Server Upgrade Takeaways

One of the servers I maintain is a VPS that's been running for around 5 years. Over the last year or two, it's been slowly dying. CentOS 6 was reaching end-of-life after a good 10 years and it was missing a lot of features that I'd expect from a Linux installation. In this post I'll be going through some of my experiences upgrade this server to CentOS 7.

Backstory

As a rule of thumb, I plan dependency upgrades on a monthly basis to avoid future pain as documentation rots and services disappear. But, I never got around to upgrading this server... for multiple reasons.

It's a basic installation that I use to serve static files over HTTPS. There's some Lua scripting to optimise images and handle POST requests for logging and uploads, but that's about it. I've been considering moving all of this functionality to a serverless setup. The files can be stored in block storage and POST requests can be handled by serverless functions. It would reduce a lot of maintenance. Why haven't I done that?

The problem is that the server mostly maintains itself and I prefer paying a fixed price. I don't want to worry about traffic spikes driving up my costs. Why serverless providers don't have a fixed price setup is obvious: uncapped services bring in a lot more money, especially for larger businesses.
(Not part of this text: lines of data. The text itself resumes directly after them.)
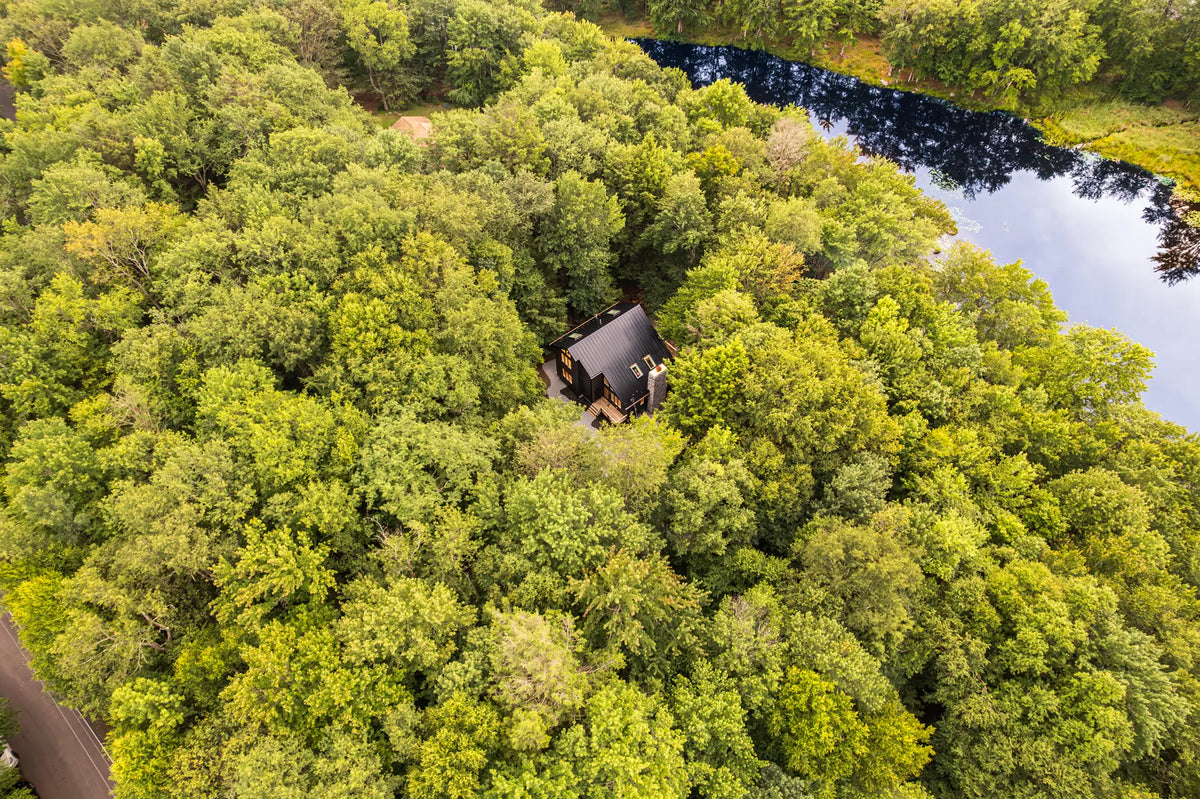 107-Robert-Ln-Gouldsboro-PA-18424-airbnb-016-aerial.webp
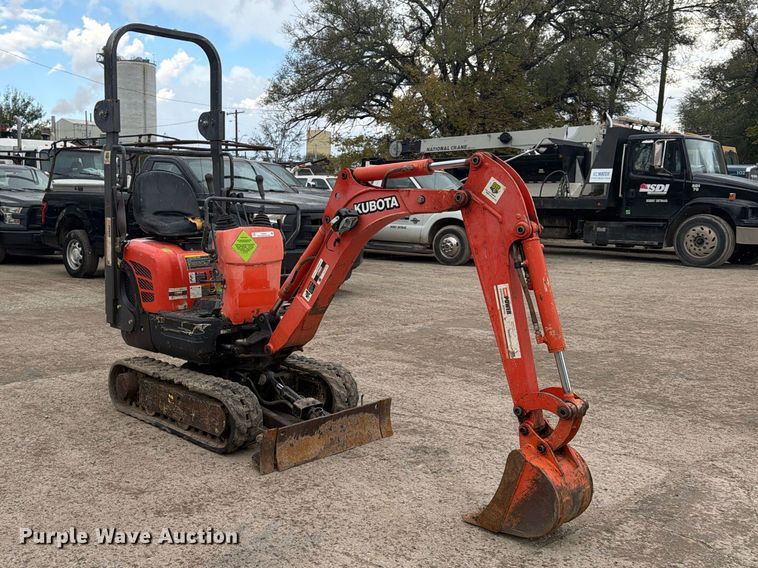 image for item FU4840 2014 Kubota K008-3 mini excavator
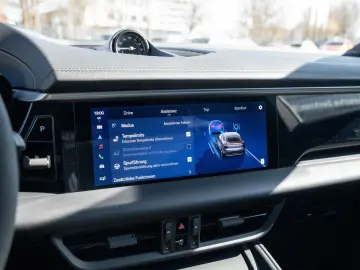 PORSCHE Macan 4 AHK Sport Chrono Paket Luftfederung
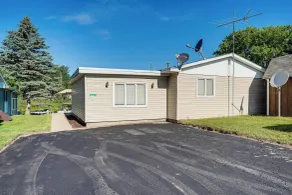 Waterfront Retreat w/ Dock & Yard in Reed City! - Interior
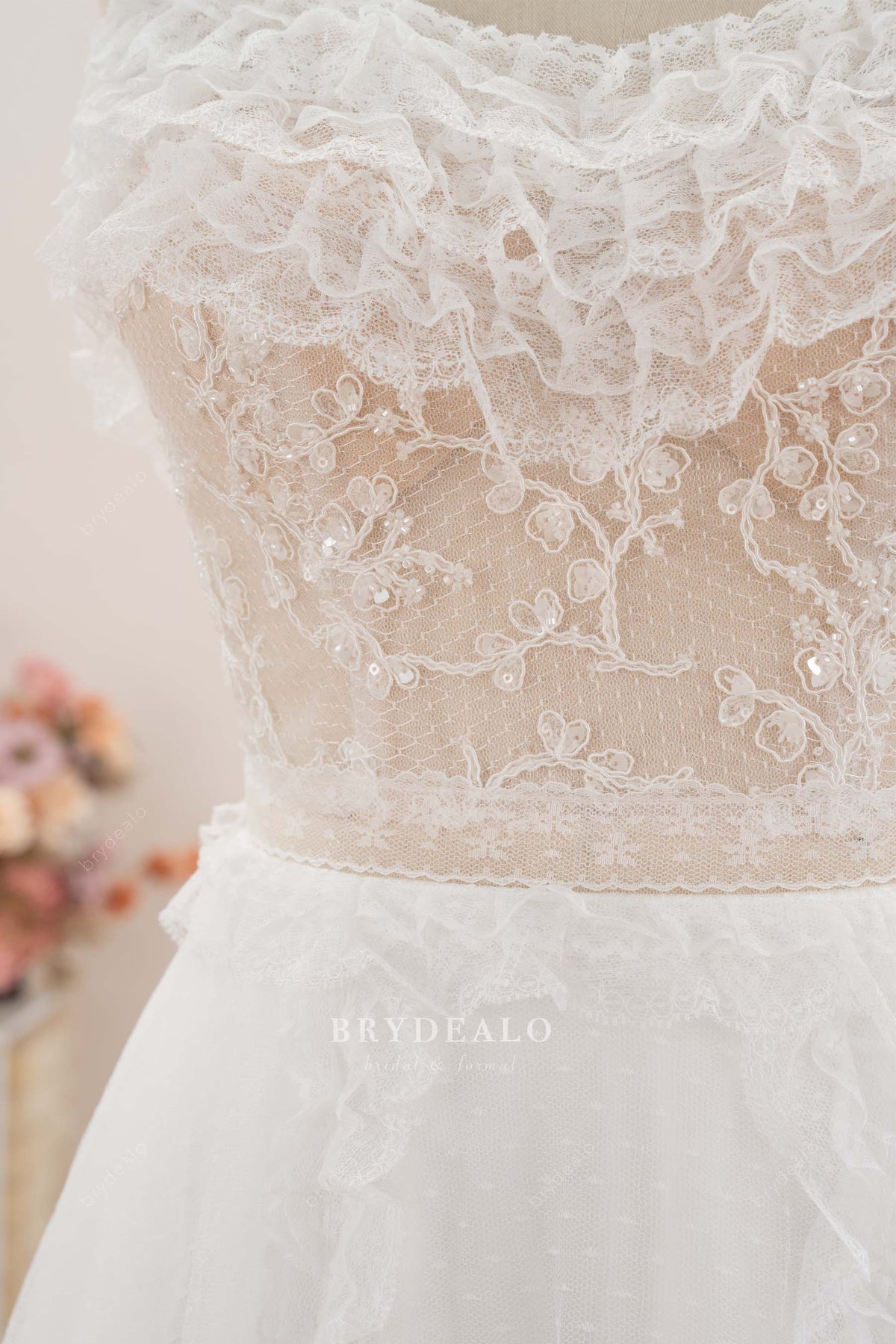 beautiful lace detail wedding dress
It's the same reason mobile network providers didn't provide a cap until legislation forced them to. Sadly, even VPS providers are now looking to do the same with bandwidth charges. Sure you can save money by only paying for requests as they come in, but a single spike (DDoS or similar) can kill your wallet. For a business that risk may be manageable but for an individual, I have better things to worry about.

Luckily for this VPS I'm still on the "legacy" plan, so as long as I keep paying and they keep serving I'm good. But that's the thing, the VPS provider can easily retire their legacy plan. So I didn't want to commit to work that might be wasted. What forced my hand was CentOS 6 reaching end-of-life at the start of December. No security updates, no package registry, nothing. The server still covers my needs better than a serverless approach so the best option I had was to upgrade to CentOS 7.

Going Offline

The first step was to alert visitors that the server was undergoing maintenance. I don't want visitors to assume I'm a unreliable developer that can't even keep a server up. Ideally for zero downtime, I could have spun up a new server, set that up then switched over, but none of my services are critical so an advanced warning and a day of downtime isn't a big deal.
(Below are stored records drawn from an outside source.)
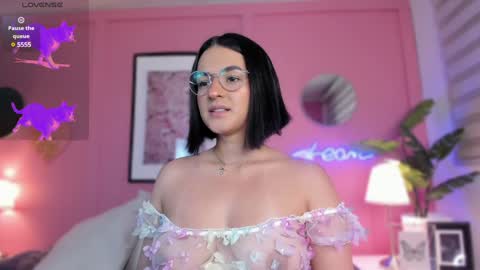 Snapshot of soysaraa_ chatting on 12-30-24, 04:20 Aleja online show from 12-30-24, 04:20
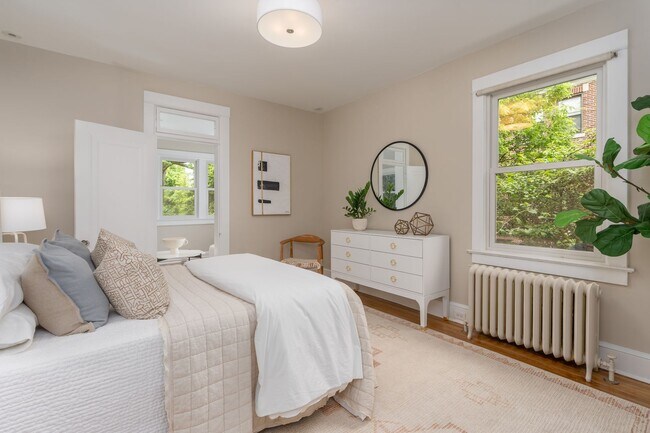 Building Photo - Charming Townhome | 5 Bed | 3.5 Bath | 3,300 Sf | Covered Front Porch & Large Fenced-In Backyard ...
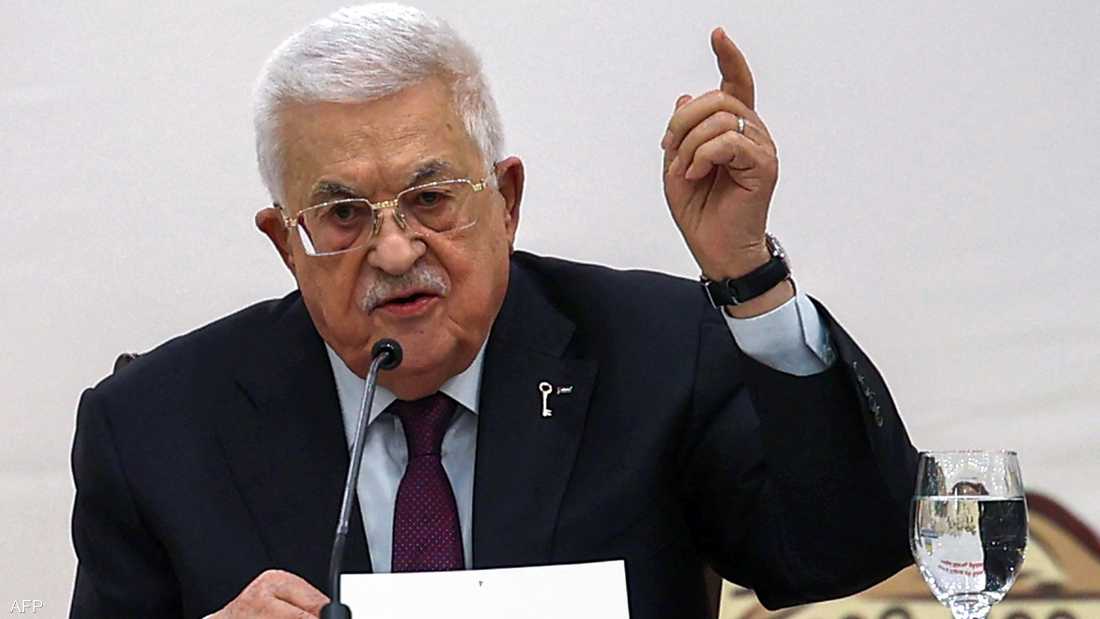 عباس يعلن عن دستور مؤقت.. وانتخابات بعد عام من انتهاء الحرب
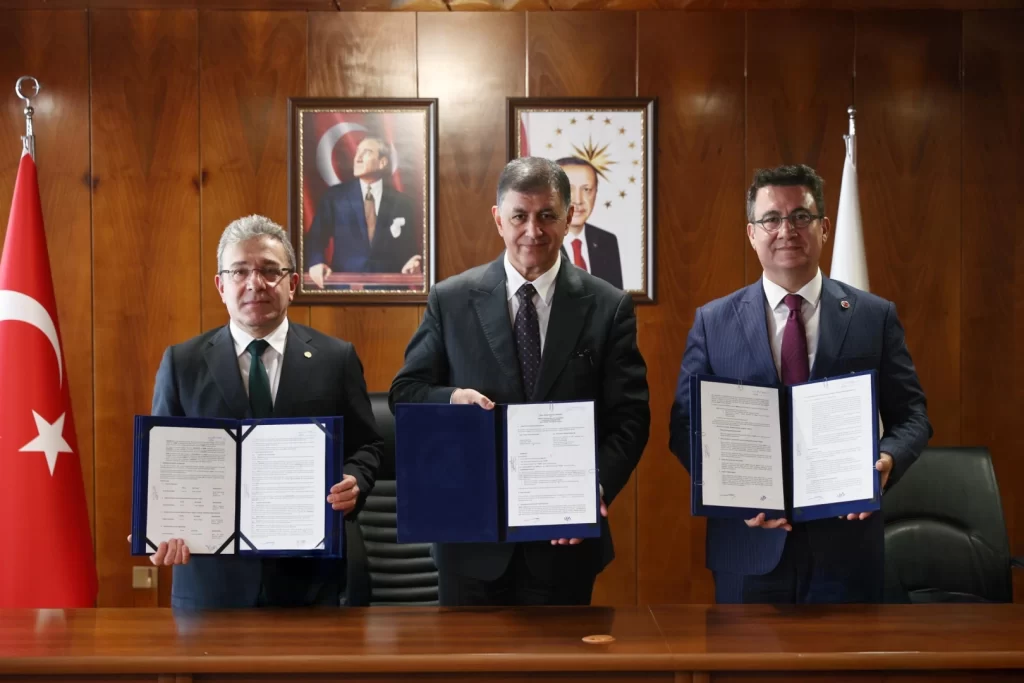 DEÜ’de İzmir’in deprem master planı için tarihi imza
For the maintenance page I used Cloudflare Workers which has a generous free tier. I already have all of my traffic going through Cloudflare so it was as simple as setting up a worker and redirecting all of my domains to the worker instead of my server (i.e. *.jahed.dev/*).

const body = `<!DOCTYPE html>
<html>
<head>
<title>jahed.dev</title>
<body>
  <h1>Under Maintenance</h1>
  <p>The server is under maintenance to improve performance and stability.</p>
  <p>Please come back in a few hours or tomorrow at the latest.</p>
  <p><a href="#">More information</a></p>
</body>
</html>
`;

addEventListener("fetch", (event) => {
  event.respondWith(
    new Response(body, {
      status: 503,
      headers: {
        "Content-Type": "text/html",
      },
    })
  );
});

I noticed that it takes a minute or so for the redirect to work, probably due to caching. After that, I re-installed the server and started re-configuring it.

Configuration

Most of the configuration for the server is provisioned from a Git repository. Things like users, groups, sshd, iptables, nginx and so on. There's a bunch of files that I rsync over and a script that moves things to the right place and sets up the permissions. I've considered moving to Puppet, Ansible or similar as a side project but never really got around to it. Adding a layer of abstraction has its costs, and this setup is too simple to counter that.

I was worried that over the last 5 years I may have made a change that I didn't put into version control, but that wasn't the case. Outside of some new defaults, most of it was fine. The difference was that CentOS 7 changed a few commands, which is expected after 5 years, but not well documented. Documentation for CentOS software is generally terrible which I put down to wanting people to pay for RHEL. Can't blame them.

So I went through the setup script and made sure each command was still correct. I pretty much manually executed the script, which is better than running the script and assuming it would work without issue. Would a layer of abstraction solve this? Maybe, if you can trust the maintainers. I'd personally migrate the configuration piece-by-piece anyway to make sure it's behaving as previously expected, which isn't that different from what I did with the script.

Firewall

One of the great things that I came to appreciate about iptables is how it's configured. You can write a single file with all of your rules and apply it using iptables-restore. Most tutorials for iptables has you running individual commands to apply rules, for me it's an odd and confusing way to configure iptables. Like writing a shell script using echo >> file.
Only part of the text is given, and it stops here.